Он указал мне на единственное кресло в номере, убрав из него свою сумку. Памятуя о его возрасте, я не решался сесть, и он опять нетерпеливо взмахнул рукой в сторону кресла, так что я подчинился – а он на протяжении последующих часов почти все время стоял, иногда ходил из угла в угол, иногда переминался с ноги на ногу, ни на миг не утрачивая беспокойной энергичности. Когда он все-таки присаживался на угол заправленной кровати, это длилось недолго.
По его словам, он понимал, что я писатель, который интересуется сюрреализмом и радикальной политикой, и в связи с этим ему хотелось рассказать мне некую историю. Я признал, что сказанное – правда, но предупредил, что меня ни в коем случае не назовешь знатоком истории сюрреализма. Я сказал ему, что есть много людей опытнее меня, и, возможно, он и моя знакомая должны поискать кого-то из них.
Старик одарил меня хладнокровной улыбкой – я тогда еще не знал, как редко он улыбается.
«Elle a déjà essayé», – сказал он. Она уже попыталась. Я был, по его словам, четвертым человеком, с которым она связалась, а время поджимало, хоть я и не понял, какому странному графику они оба следовали. Он немного помолчал. Итак, я был лучшим из вариантов, какие она сумела предложить, и теперь моя работа заключалась в том, чтобы слушать, делать заметки и в конечном счете поступить с его рассказом так, как я сочту наилучшим.
Старик подождал, пока я подготовлюсь, достану ручку и бумагу. Я принес телефон, чтобы записать разговор, но он покачал головой, и я его спрятал. Приводя в порядок свои мысли, старик взмахнул руками, как будто рассекая что-то в воздухе перед собой, и начал:
– Ваш Париж – это старый Париж. В Новом Париже все было по-другому. В новом Париже жил-был один юноша. Однажды он глядел вниз. Была ночь. За стеной города, превратившегося в руины, стреляли нацисты.
Так начались тридцать девять экстраординарных – и это не преувеличение – часов, переменивших всю мою жизнь. На протяжении этого времени, без перерывов на сон, делаясь все более уставшим и бессвязным, подкрепляясь чипсами, шоколадом, водой и скверным вином из мини-бара, старик рассказал мне о последних днях Нового Парижа, и эту историю вы только что прочитали.
В своем рассказе он использовал passé simple и imparfait[44]: он выражался чрезвычайно двусмысленно относительно того, выдуманная это история или нет, хотя его описания сути города, его истории, а также рассказы об улицах и пейзажах Нового Парижа были необычайно яркими.
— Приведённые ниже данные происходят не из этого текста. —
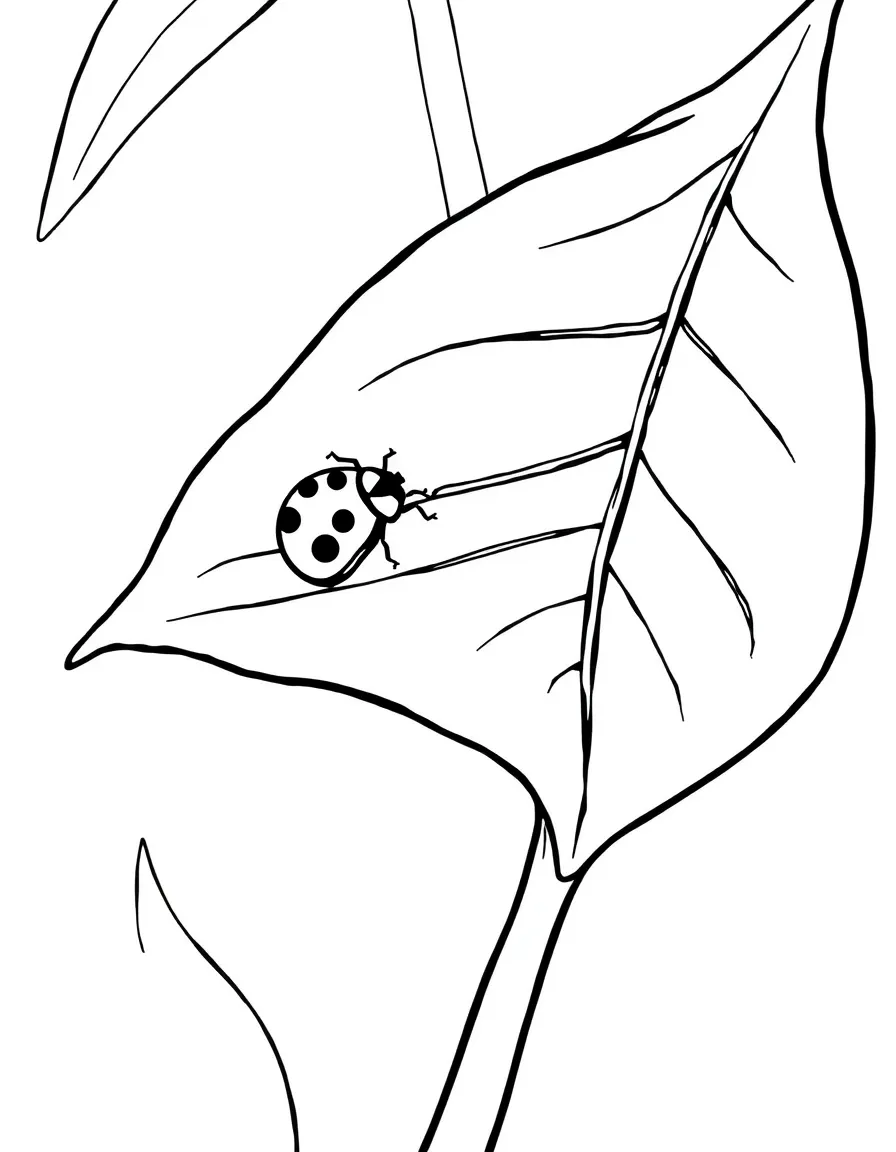 A tiny ladybug on a big leaf.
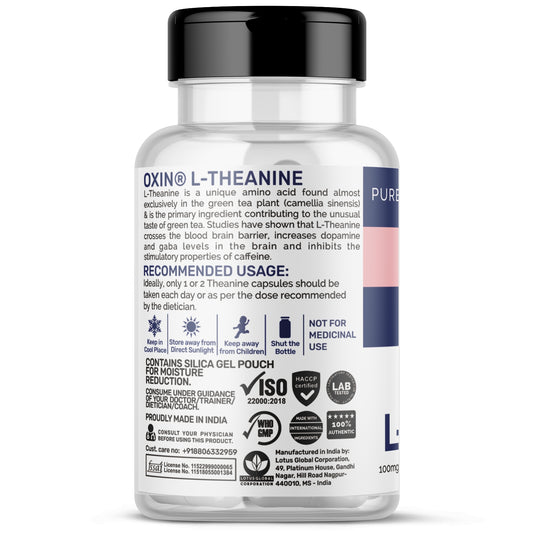 Oxin Nutrition L-Theanine 100mg Capsules – Calm Focus & Stress Support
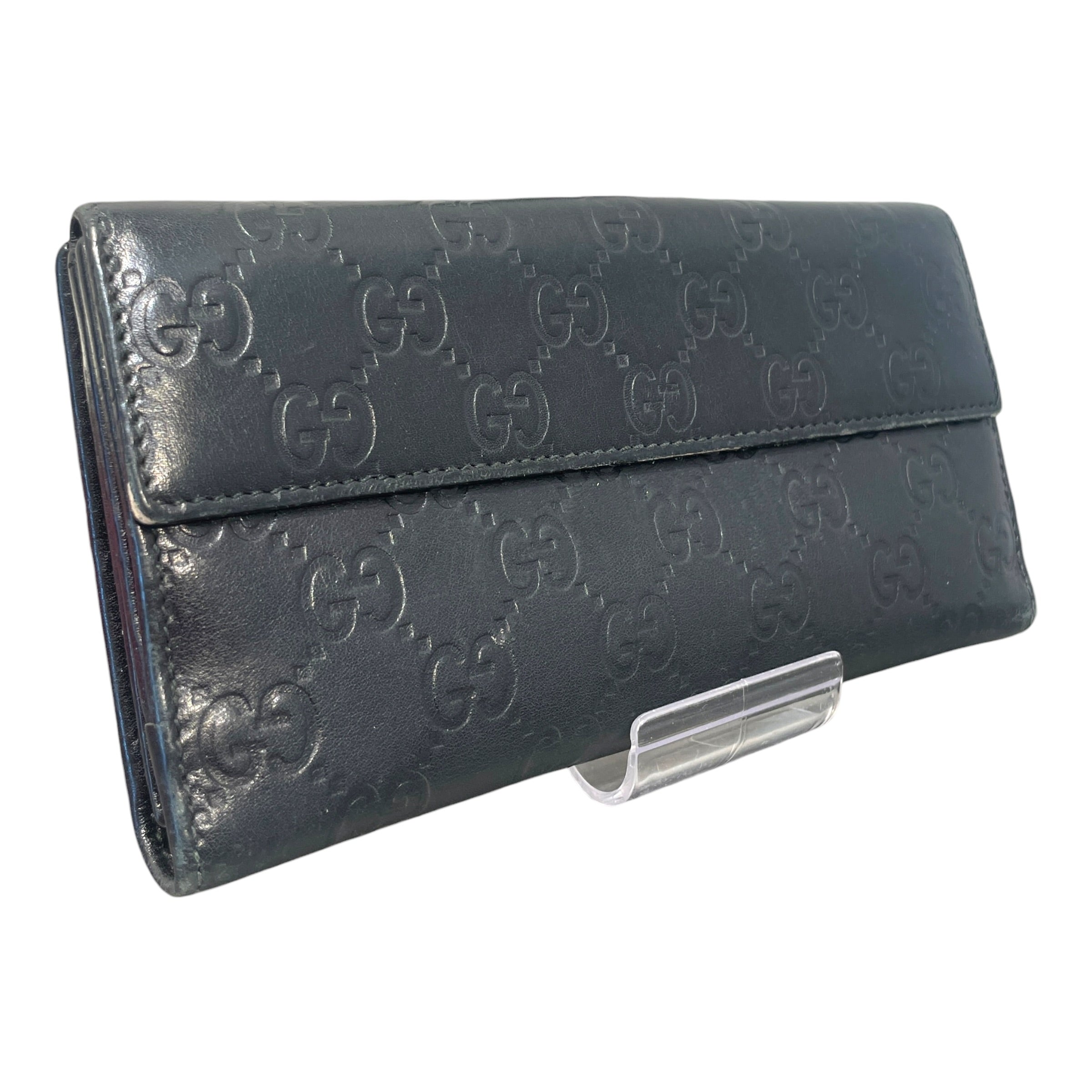 GUCCI/Wallet/Leather/BLK/GUCISSIMA LEATHER Wallet view 2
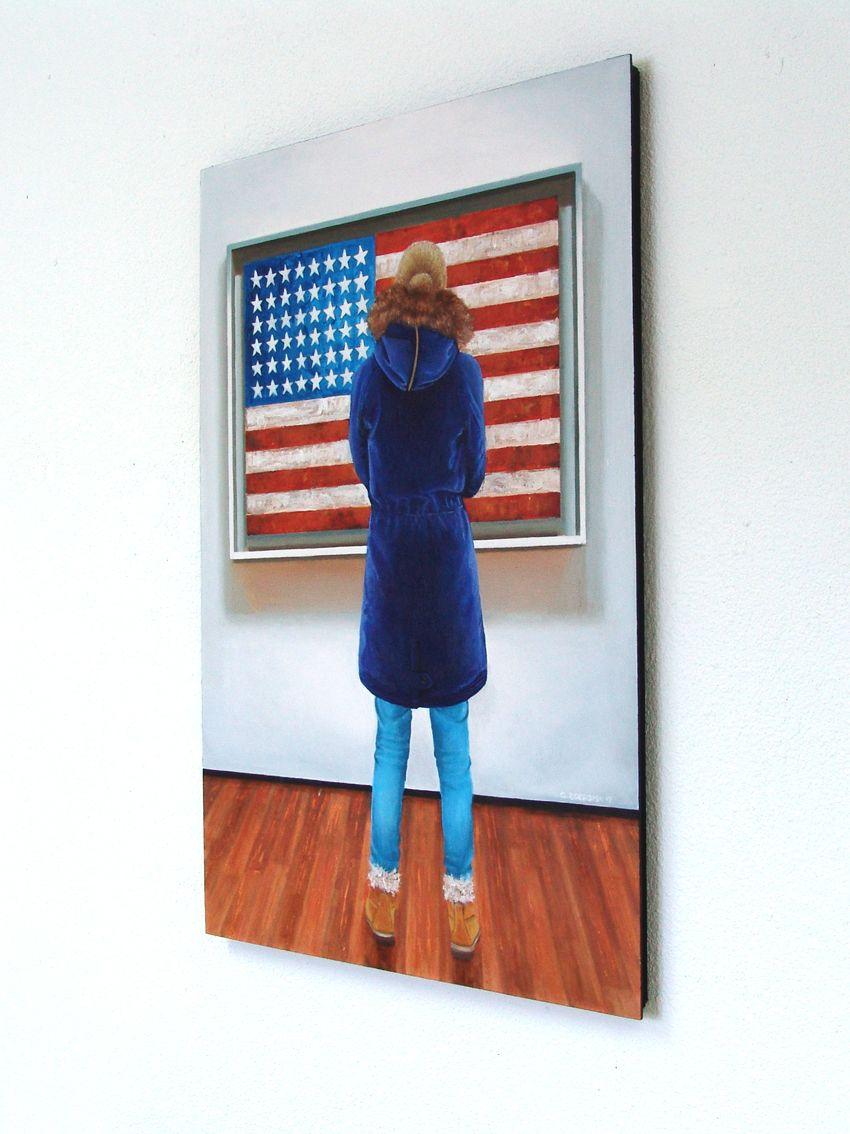 american flag painting on wood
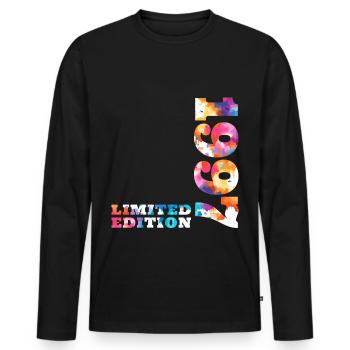 Anniversaire coloré édition limitée 1997 - T-shirt manches longues Premium bio Homme - noir - Devant - Nico (187cm)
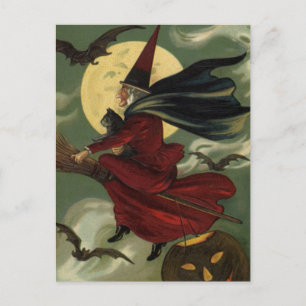 Carte Postale Vintage Halloween sorcière Broomstick avec chat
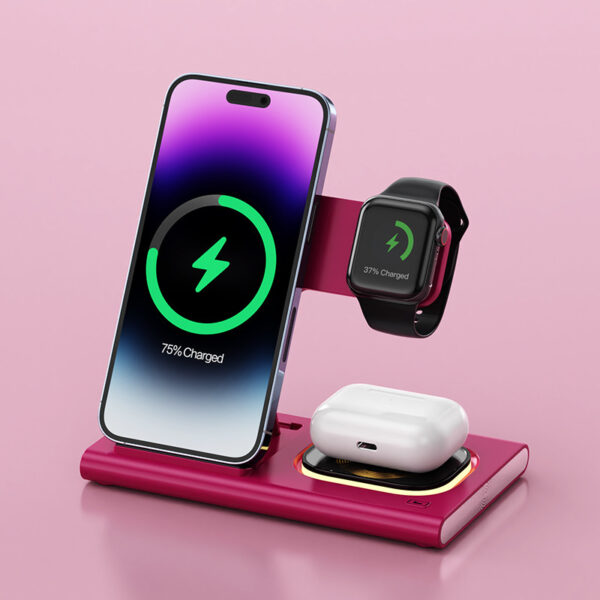 3 IN 1 15W Wireless Charging Charger Magnetic Desktop Night Light Iwatch Fast Charging Stand Gift Customization - Image 5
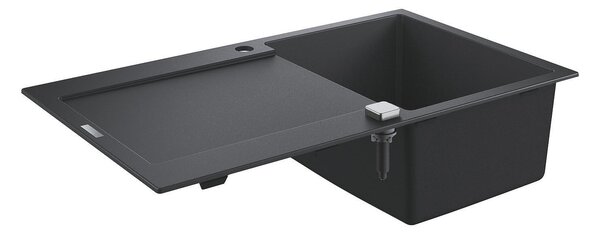Grohe K500 Композитна кухненска мивка с отцедник, 860 x 500 мм, черен гранит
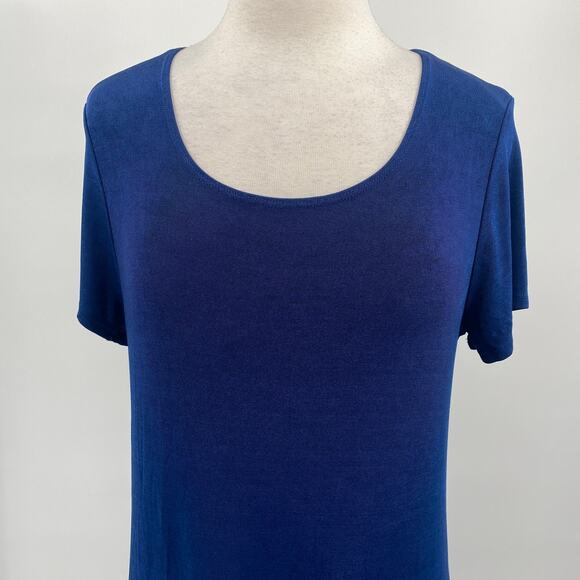 Chicos Travelers Stretchy Knit Midi Dress Asymmetrical High Low Hem Blue Medium - Picture 3 of 11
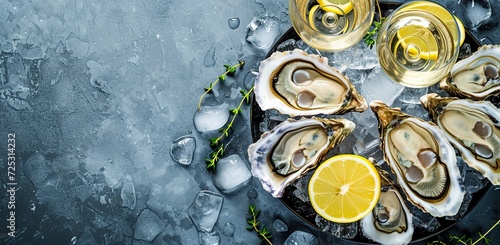Oysters and glasses of wine on an ice bed. The concept of delicacies and luxury.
Время от времени он, поколебавшись, забирал у меня блокнот и рисовал иллюстрацию того, что описывал. Эти наброски по-прежнему у меня. Он не был художником, но время от времени рисунки помогали мне представить, о чем шла речь. И очень часто они пробуждали во мне воспоминания о каких-то других рисунках, стихотворениях или отрывках, и я забирал блокнот, рисовал сам и спрашивал: «Все верно? Это выглядело так?» Иногда, много позже, я возвращался к своим книгам в поисках источника, который, как мне казалось, я мог бы вспомнить. Здесь я воспроизвел те из моих эскизов, которые, по его словам, оказались наиболее точными.
За время, которое мы провели вместе, он трижды приносил собственные дневники. Потрепанные, древние, испачканные в крови, грязи и чернилах. Он не позволял мне читать их полностью, но показывал некоторые разделы, некоторые датированные записи, сделанные корявым почерком по-французски, и позволял копировать фразы или даже другие эскизы (которые явно рисовал кто-то другой).